(C) Today Online
Singapore is set to carry out its first execution of a woman, since 2004, found guilty of possession of about 30g of heroin. Saridewi Djamani was sentenced to the mandatory death penalty in 2018 for drug trafficking. The last woman to be executed was 36-year-old Yen May Woen, a hairdresser. She was hanged in 2004.
Chiara Sangiorgio, Amnesty International’s death penalty expert, says it is unconscionable that authorities in Singapore continue to cruelly pursue more executions in the name of drug control. She highlighted there is no evidence that the death penalty has a unique deterrent effect or that it has any impact on the use and availability of drugs.
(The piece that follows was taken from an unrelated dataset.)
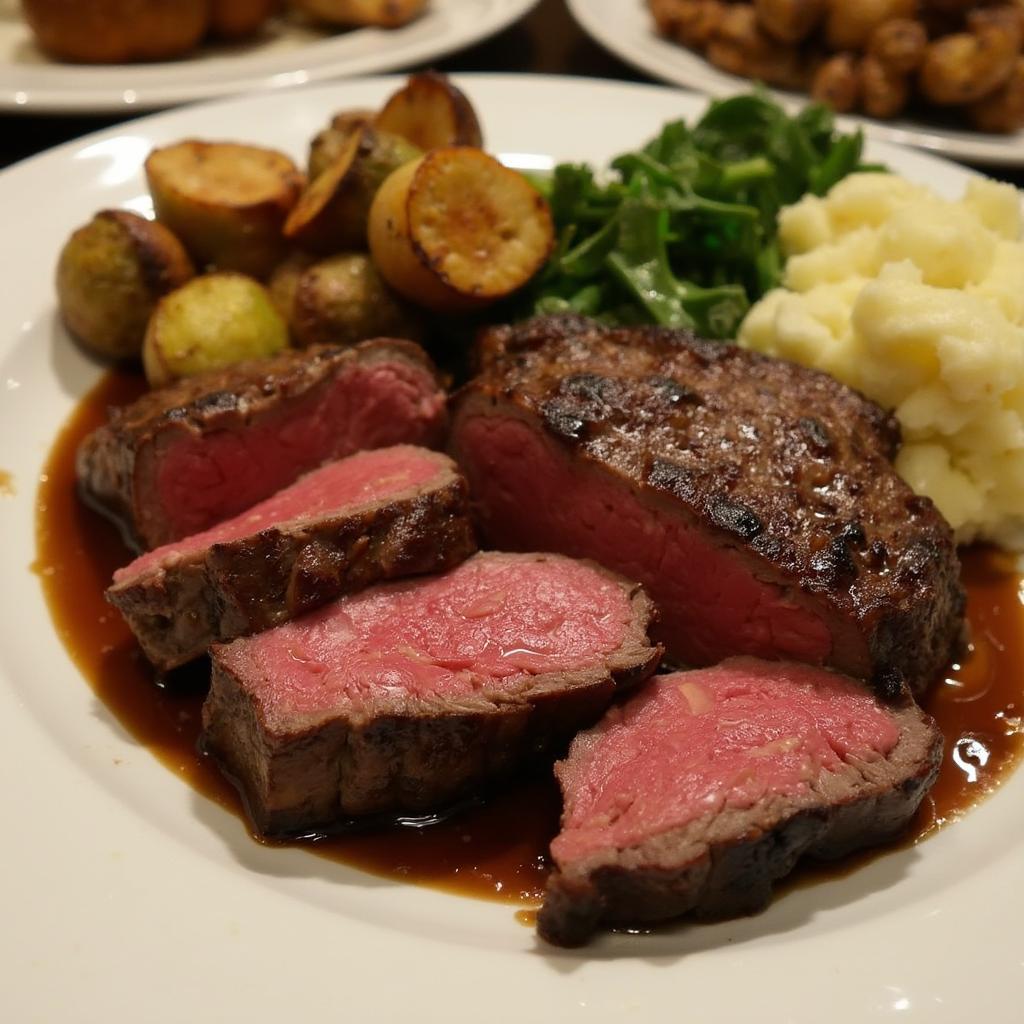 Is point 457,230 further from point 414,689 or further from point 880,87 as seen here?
point 880,87

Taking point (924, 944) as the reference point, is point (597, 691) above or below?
above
“As countries around the world do away with the death penalty and embrace drug policy reform, Singapore’s authorities are doing neither. The only message that these executions send is that the government of Singapore is willing to once again defy international safeguards on the use of the death penalty. It is past time Singapore reverse course; consign the death penalty to the history books; and take a serious look at offering more effective protection from drug-related harm, such as by expanding access to health and social services, including for people who use drugs and addressing the underlying socio-economic causes that lead people to engage in the drug trade.”
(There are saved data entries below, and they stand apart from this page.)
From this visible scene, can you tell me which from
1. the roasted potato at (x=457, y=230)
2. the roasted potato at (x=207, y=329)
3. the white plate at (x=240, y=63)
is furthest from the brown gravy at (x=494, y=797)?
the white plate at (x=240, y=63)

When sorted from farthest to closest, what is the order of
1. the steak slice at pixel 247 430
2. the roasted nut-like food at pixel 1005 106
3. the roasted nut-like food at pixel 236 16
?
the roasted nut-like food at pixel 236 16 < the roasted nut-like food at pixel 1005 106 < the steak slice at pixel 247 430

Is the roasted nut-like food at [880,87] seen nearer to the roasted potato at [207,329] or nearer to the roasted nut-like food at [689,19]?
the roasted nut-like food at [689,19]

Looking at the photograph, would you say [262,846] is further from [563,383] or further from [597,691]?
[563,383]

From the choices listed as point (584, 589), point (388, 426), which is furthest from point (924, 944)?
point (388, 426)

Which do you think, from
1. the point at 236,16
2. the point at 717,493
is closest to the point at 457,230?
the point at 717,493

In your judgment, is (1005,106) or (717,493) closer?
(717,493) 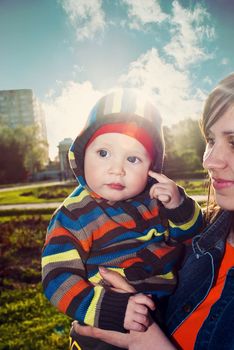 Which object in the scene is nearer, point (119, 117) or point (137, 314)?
point (137, 314)

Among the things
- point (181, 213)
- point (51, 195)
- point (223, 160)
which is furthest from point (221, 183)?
point (51, 195)

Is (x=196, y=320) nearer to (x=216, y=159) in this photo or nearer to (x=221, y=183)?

Amnesty International renewed its call on governments, the United Nations Office on Drugs and Crime (UNODC) and the International Narcotics Control Board (INCB) to pressurize Singapore to end such executions and for drug control policies to be rooted in the promotion and protection of human rights.
Kirsten Han, a journalist and activist who has been campaigning against the death penalty, said once Saridewi exhausted her appeal options it was a matter of time that she would be given an execution notice. She said authorities are not moved by the fact that most of the people on death row come from marginalized and vulnerable groups. “The people who are on death row are those deemed dispensable by both the drug kingpins and the Singapore state.”
56-year-old Mohd Aziz bin Hussain also faces execution. He was sentenced to death in 2018 for trafficking about 50g of heroin. Hussain’s case made headlines as an investigating officer had coerced him and promised him a reduced, non-capital punishment charge.
In May, Singapore executed two men in three weeks for cannabis trafficking.